ACTIVITY – Retype the records below exactly as given, but only from the first line through the line with "Lord Skitter, Sewer", and without the pictures.

Image-text web data:
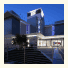 Hotel Nazionale
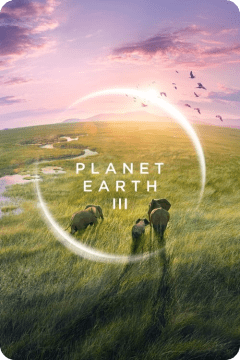 Top Deals in Documentaries 30 image 169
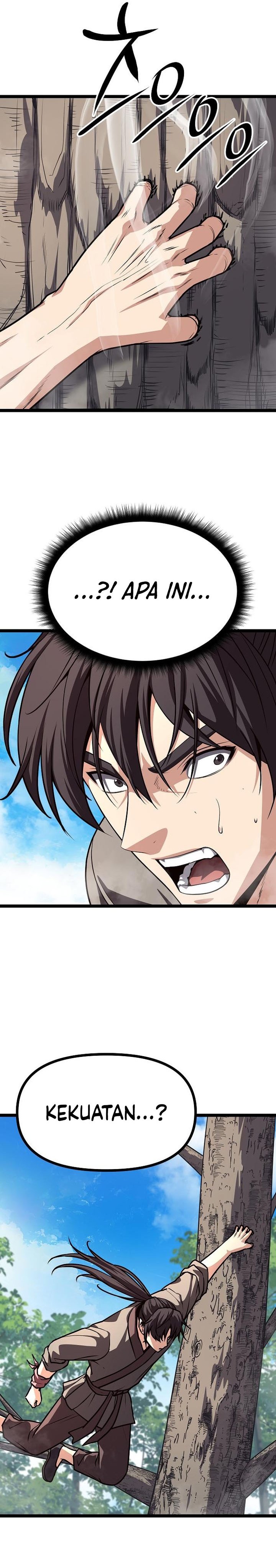 image-komik-song-baek-chapter-47-30/44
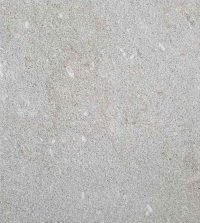 Grolla Grigio Olivo Sandblasted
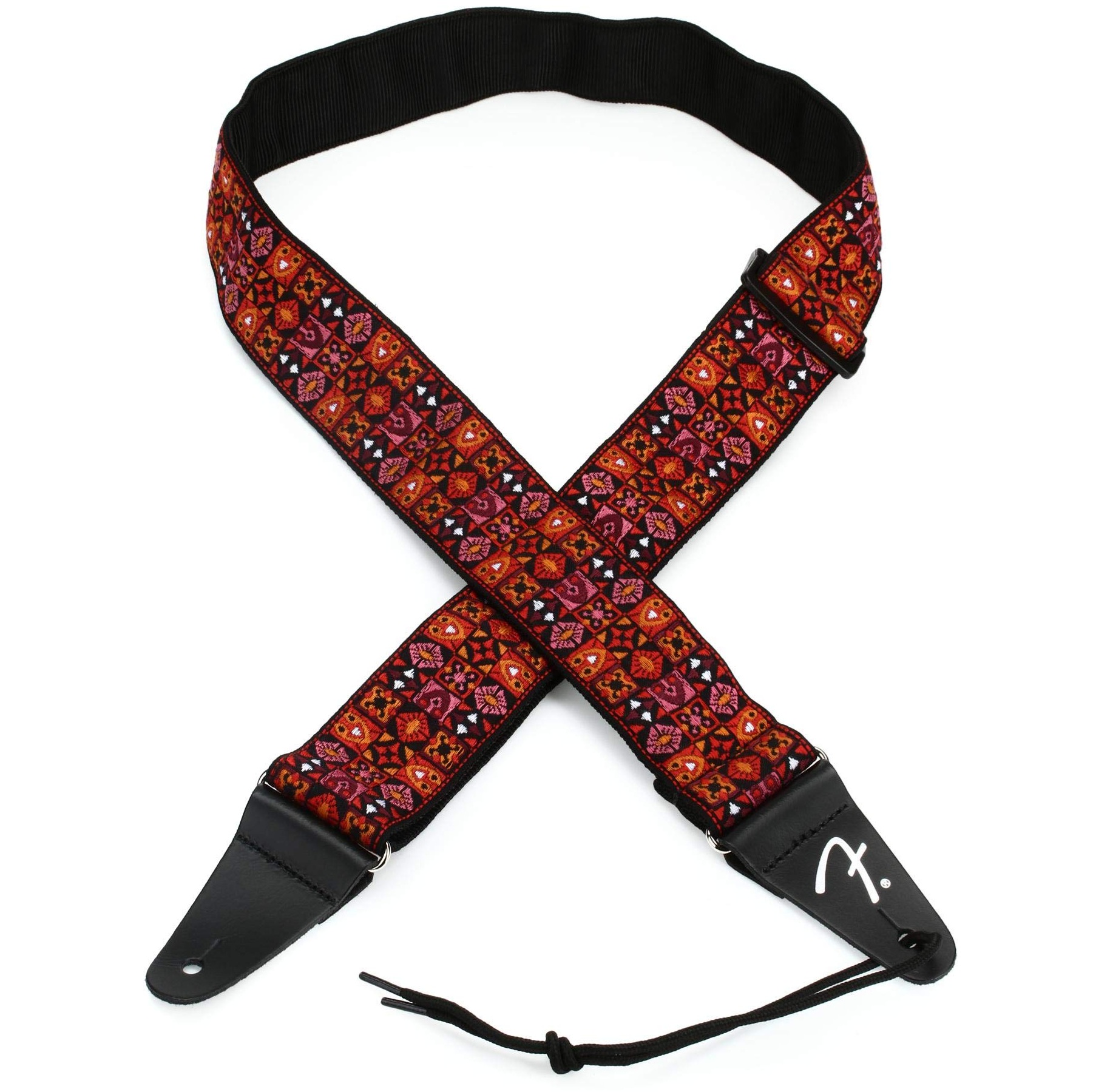 Fender Festival Guitar Strap online in India at johnsmusicin at the lowest price Online price in India
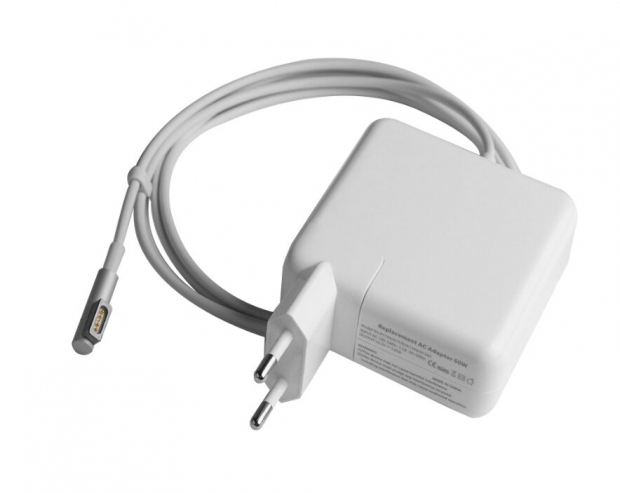 60W Magsafe 1 Netzteil Apple MacBook 13.3 2.1GHz MB402N/B
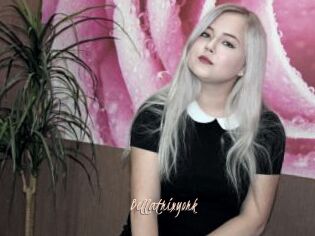 Bellatrixyork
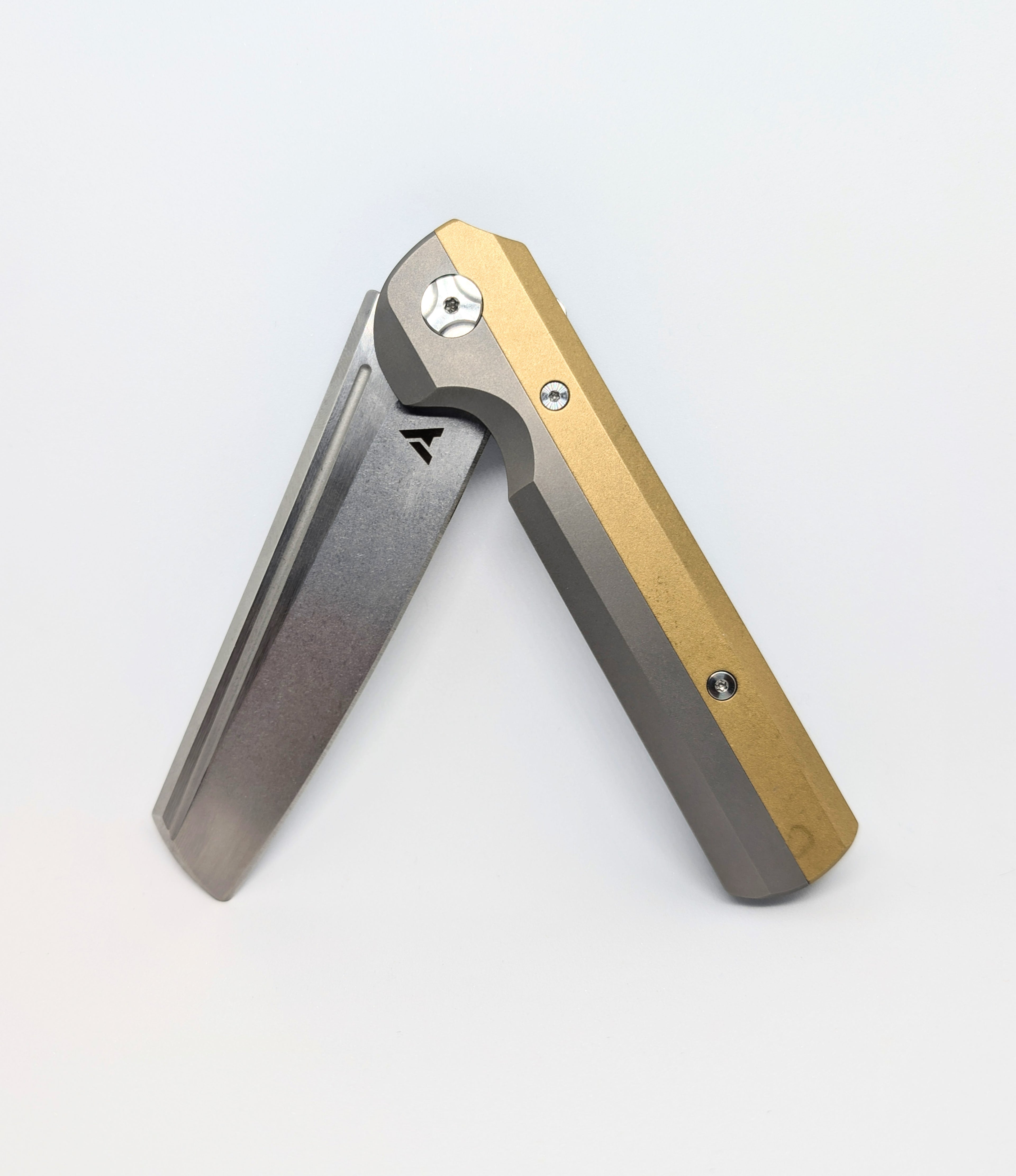 Arcform Slimfoot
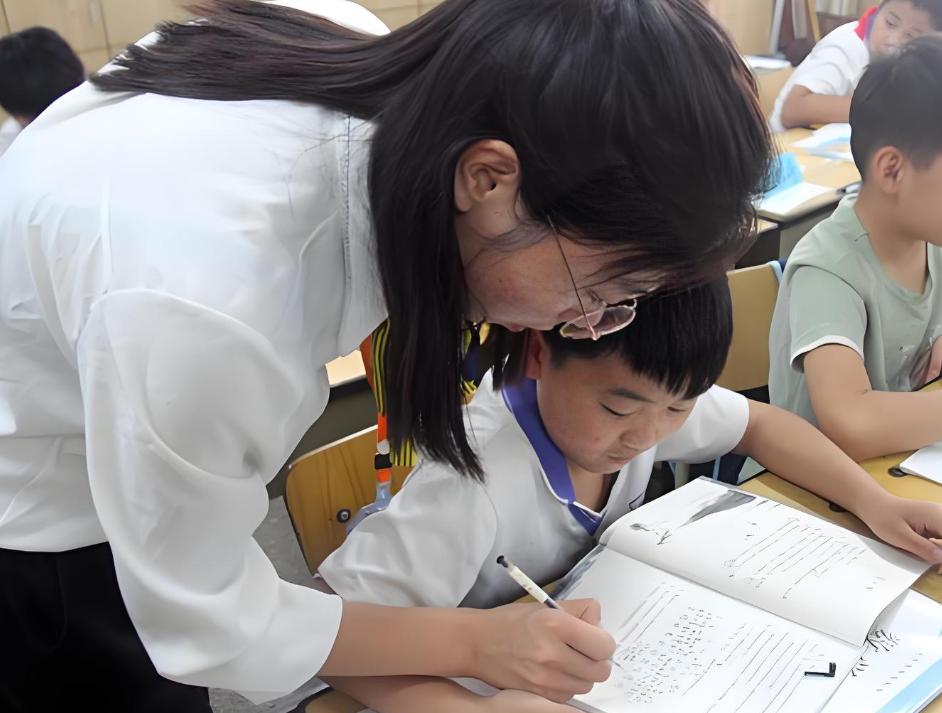 2026广州大学附属清远中学招880名学子！其中面向清新招初一新生360人，招高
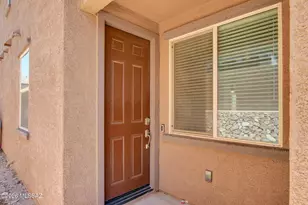 12851 E Pantano View Dr, Vail, AZ 85641 - Photo 49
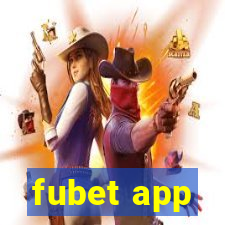 fubet app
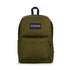 Jansport Superbreak Plus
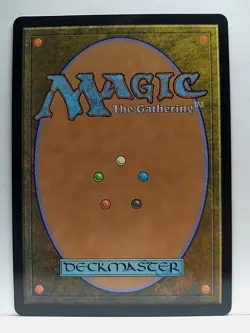 Lord Skitter, Sewer King - Wilds of Eldraine - Magic The Gathering - Image 2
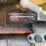 2023-caterpillar-259d3-image-6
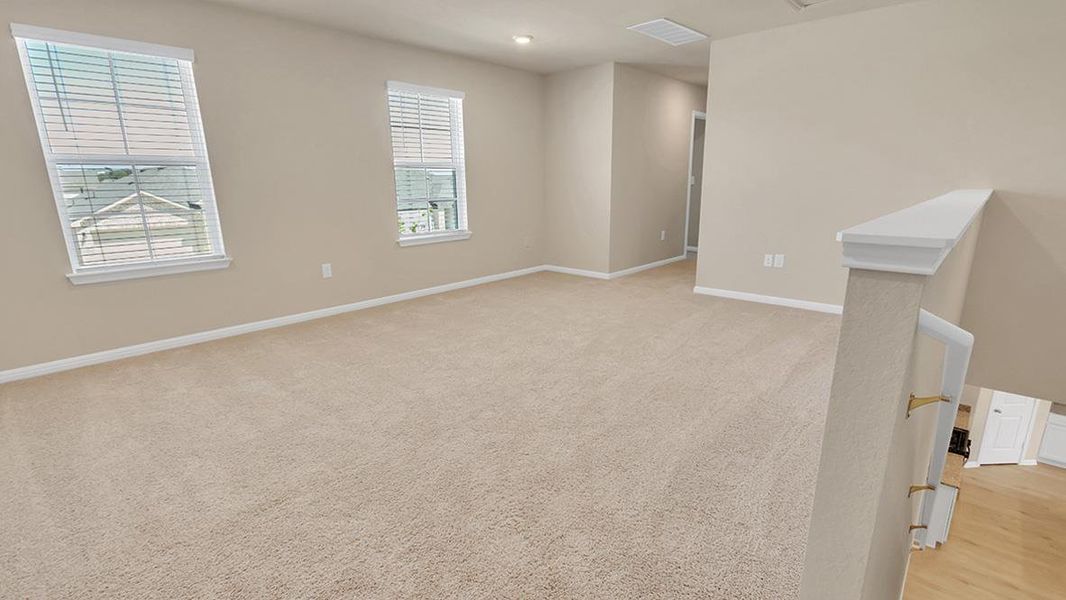 Image 35 of a home in Bar W Ranch.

RESPONSE TO THE TASK –
 Hotel Nazionale
 Top Deals in Documentaries 30 image 169
 image-komik-song-baek-chapter-47-30/44
 Grolla Grigio Olivo Sandblasted
 Fender Festival Guitar Strap online in India at johnsmusicin at the lowest price Online price in India
 60W Magsafe 1 Netzteil Apple MacBook 13.3 2.1GHz MB402N/B
 Bellatrixyork
 Arcform Slimfoot
 2026广州大学附属清远中学招880名学子！其中面向清新招初一新生360人，招高
 12851 E Pantano View Dr, Vail, AZ 85641 - Photo 49
 fubet app
 Jansport Superbreak Plus
 Lord Skitter, Sewer King - Wilds of Eldraine - Magic The Gathering - Image 2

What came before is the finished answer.